== Segment start ==

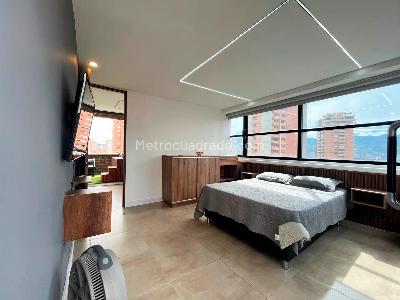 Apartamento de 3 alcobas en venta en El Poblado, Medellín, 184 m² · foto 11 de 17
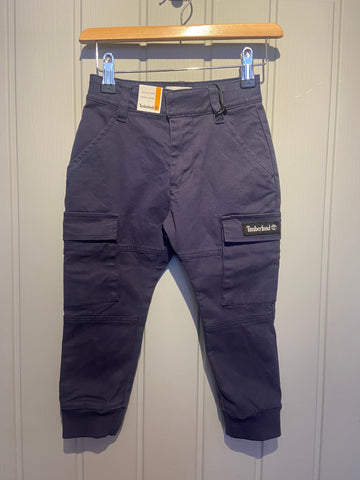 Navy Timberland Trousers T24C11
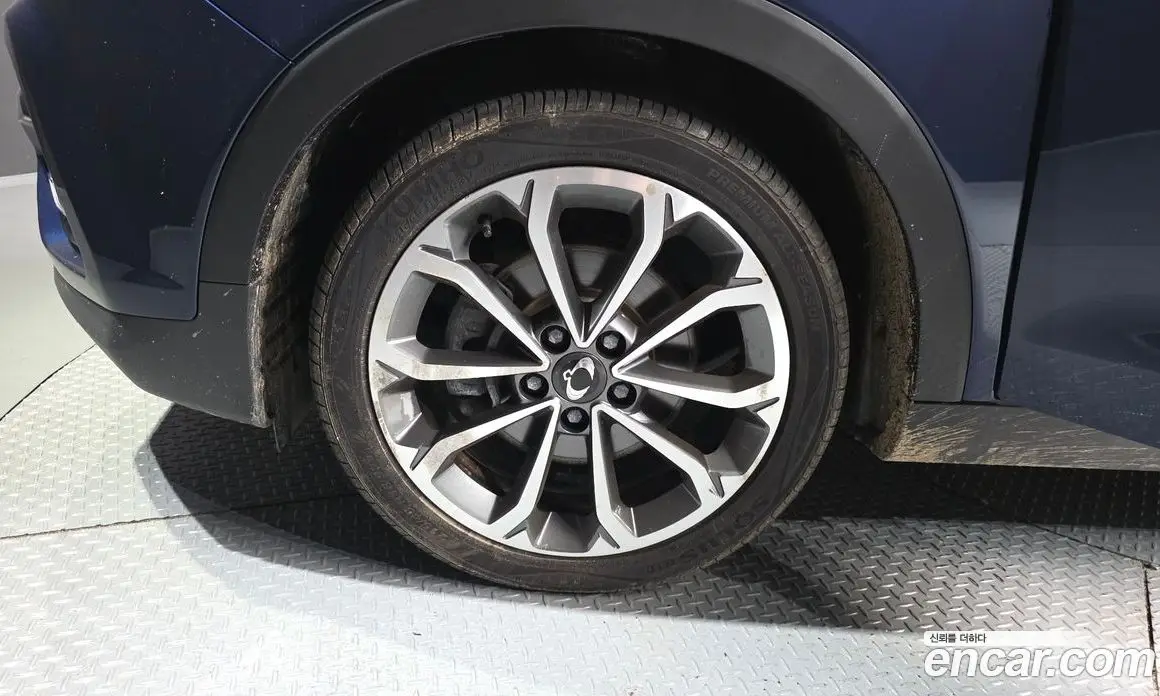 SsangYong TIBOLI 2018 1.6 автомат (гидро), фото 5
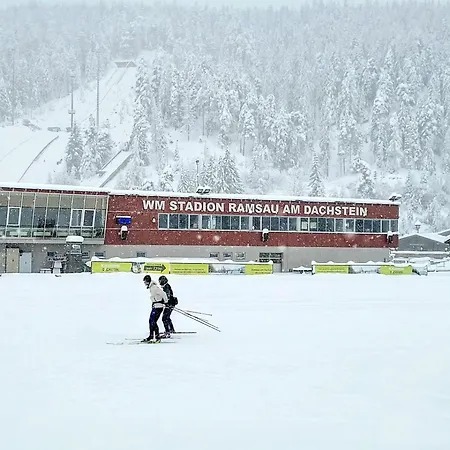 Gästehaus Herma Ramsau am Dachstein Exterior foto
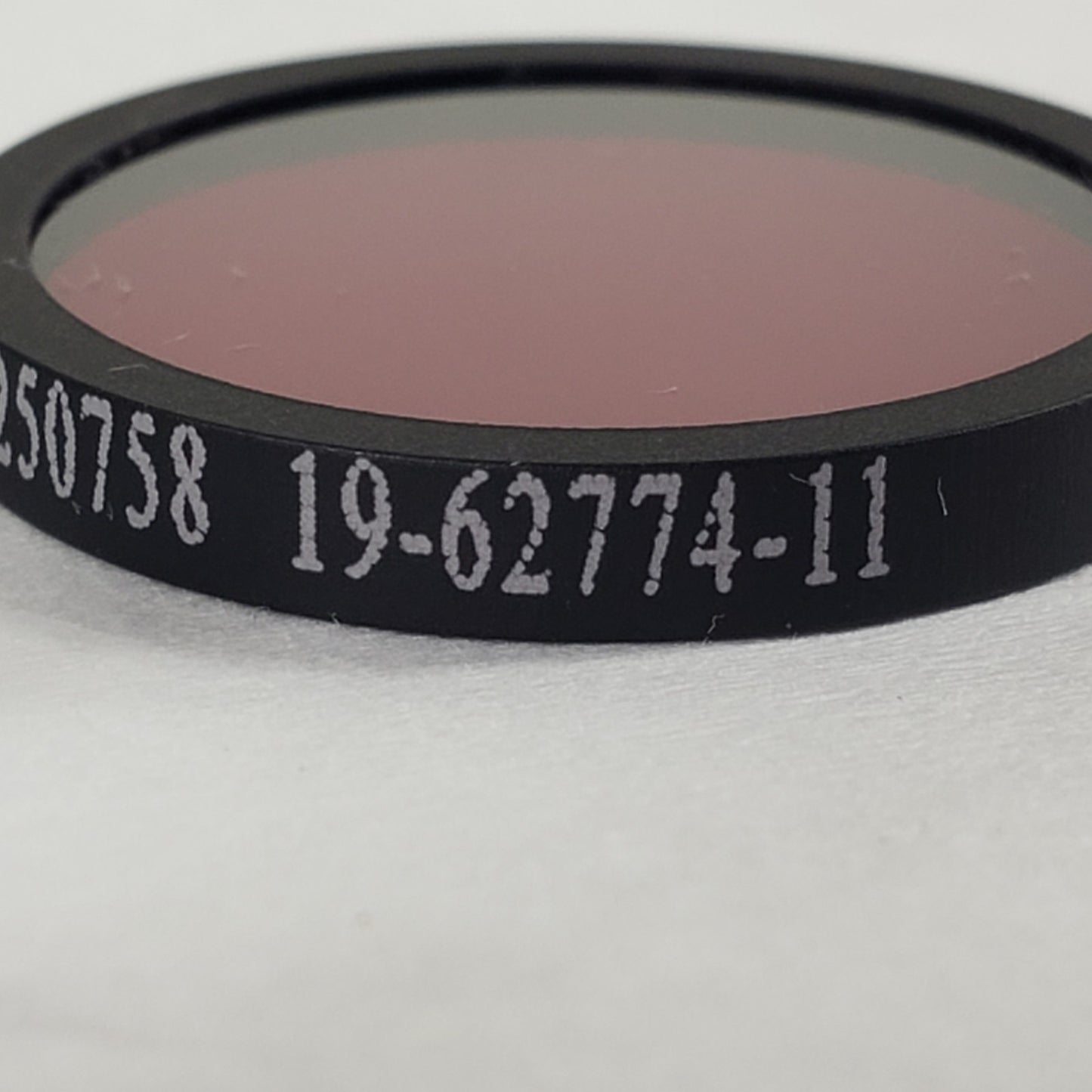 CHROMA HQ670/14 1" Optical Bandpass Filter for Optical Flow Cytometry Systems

== Segment end ==

* _Task instructions_
From the line with "SsangYong TIBOLI 2018" through the end of the listing, write out every line exactly, leaving out the pictures.

* _Written solution_
 SsangYong TIBOLI 2018 1.6 автомат (гидро), фото 5
 Gästehaus Herma Ramsau am Dachstein Exterior foto
 CHROMA HQ670/14 1" Optical Bandpass Filter for Optical Flow Cytometry Systems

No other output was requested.